> **PROBLEM TO WORK ON**:
Only one stretch of the data is wanted: the line containing "Enshrined Memorials Cremation", the line containing "Perfume Elixir de", and every line between them, copied exactly.

══ DATASET RECORDS

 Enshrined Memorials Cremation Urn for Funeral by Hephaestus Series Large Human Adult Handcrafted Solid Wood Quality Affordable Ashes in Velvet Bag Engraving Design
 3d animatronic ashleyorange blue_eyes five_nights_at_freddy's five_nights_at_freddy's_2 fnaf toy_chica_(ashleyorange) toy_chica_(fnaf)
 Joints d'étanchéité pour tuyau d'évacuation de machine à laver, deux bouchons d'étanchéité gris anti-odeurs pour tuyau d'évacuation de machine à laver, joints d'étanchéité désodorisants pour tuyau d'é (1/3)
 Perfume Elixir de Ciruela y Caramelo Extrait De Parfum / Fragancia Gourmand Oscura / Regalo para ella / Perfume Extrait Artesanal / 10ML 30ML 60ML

════
══ DATASET RECORDS

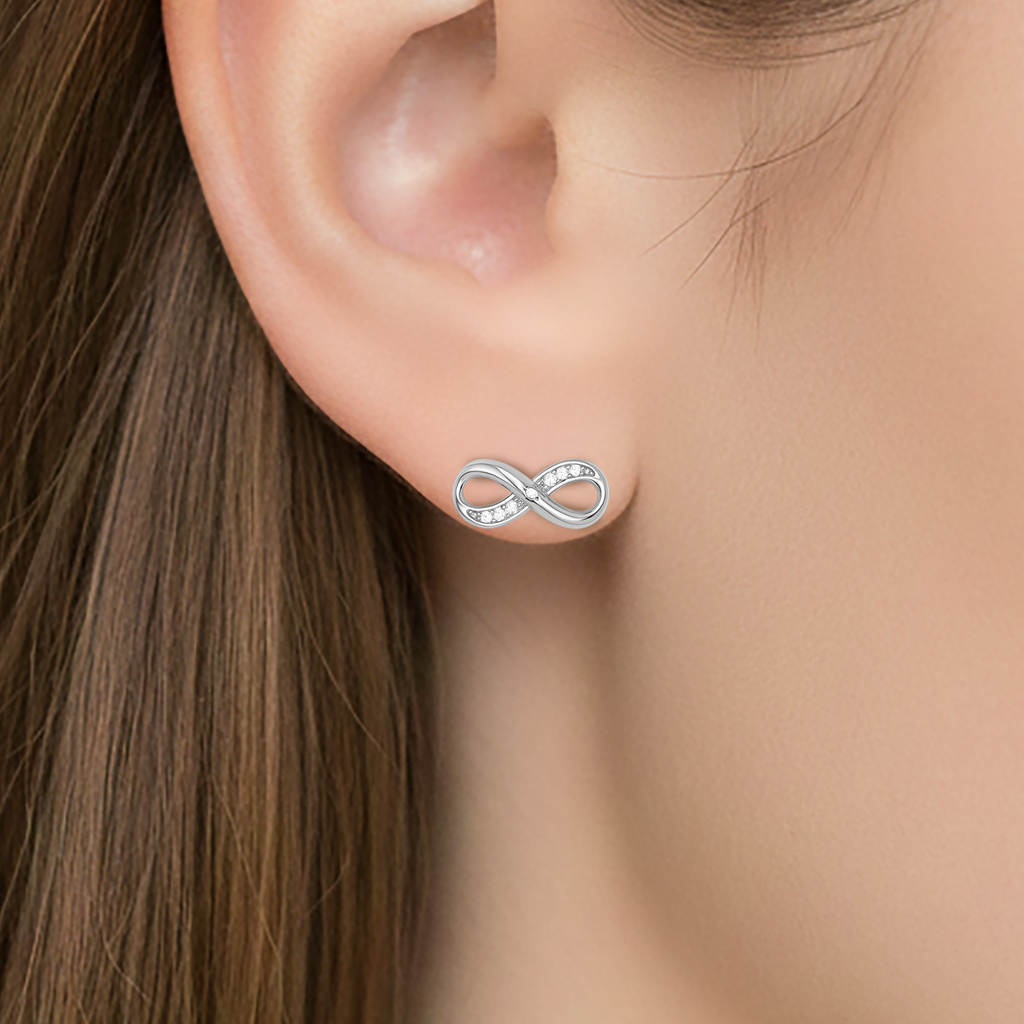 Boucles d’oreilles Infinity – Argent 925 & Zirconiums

════
══ DATASET RECORDS

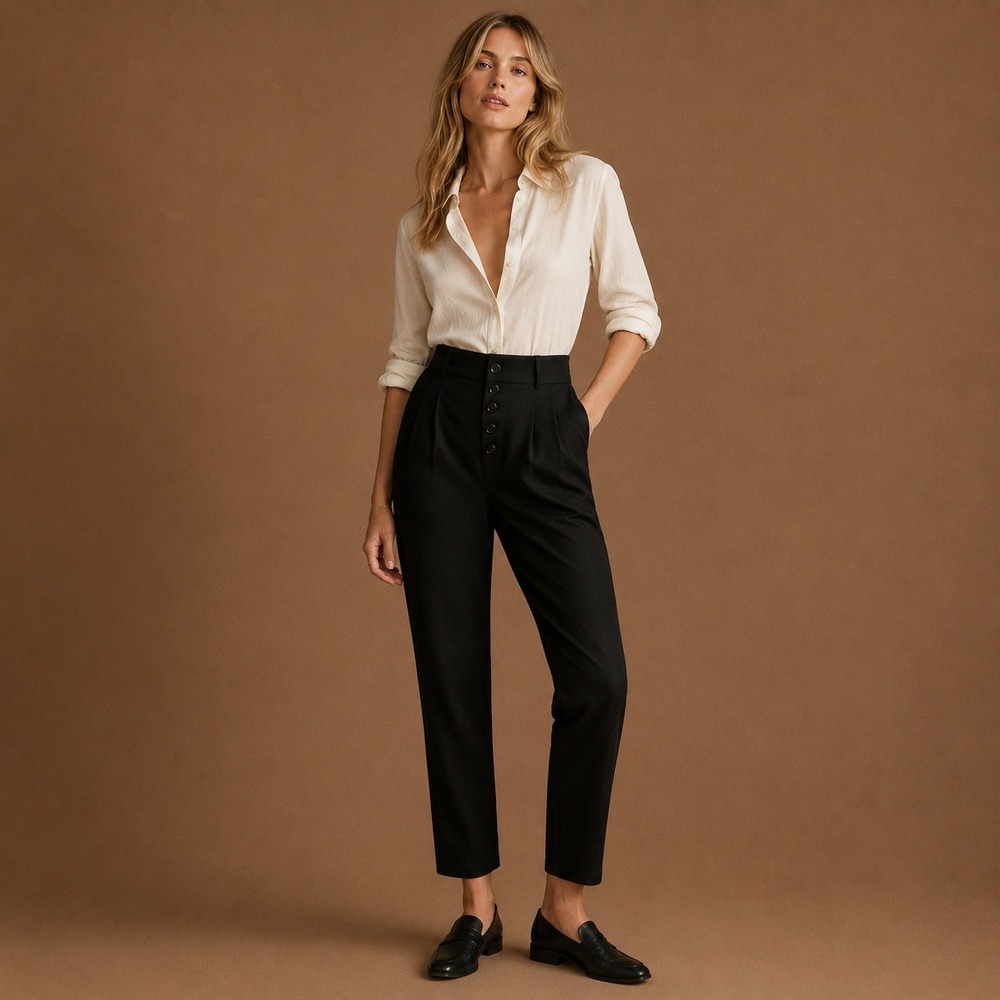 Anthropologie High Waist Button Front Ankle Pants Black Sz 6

════

> **TASK RESPONSE**:
 Enshrined Memorials Cremation Urn for Funeral by Hephaestus Series Large Human Adult Handcrafted Solid Wood Quality Affordable Ashes in Velvet Bag Engraving Design
 3d animatronic ashleyorange blue_eyes five_nights_at_freddy's five_nights_at_freddy's_2 fnaf toy_chica_(ashleyorange) toy_chica_(fnaf)
 Joints d'étanchéité pour tuyau d'évacuation de machine à laver, deux bouchons d'étanchéité gris anti-odeurs pour tuyau d'évacuation de machine à laver, joints d'étanchéité désodorisants pour tuyau d'é (1/3)
 Perfume Elixir de Ciruela y Caramelo Extrait De Parfum / Fragancia Gourmand Oscura / Regalo para ella / Perfume Extrait Artesanal / 10ML 30ML 60ML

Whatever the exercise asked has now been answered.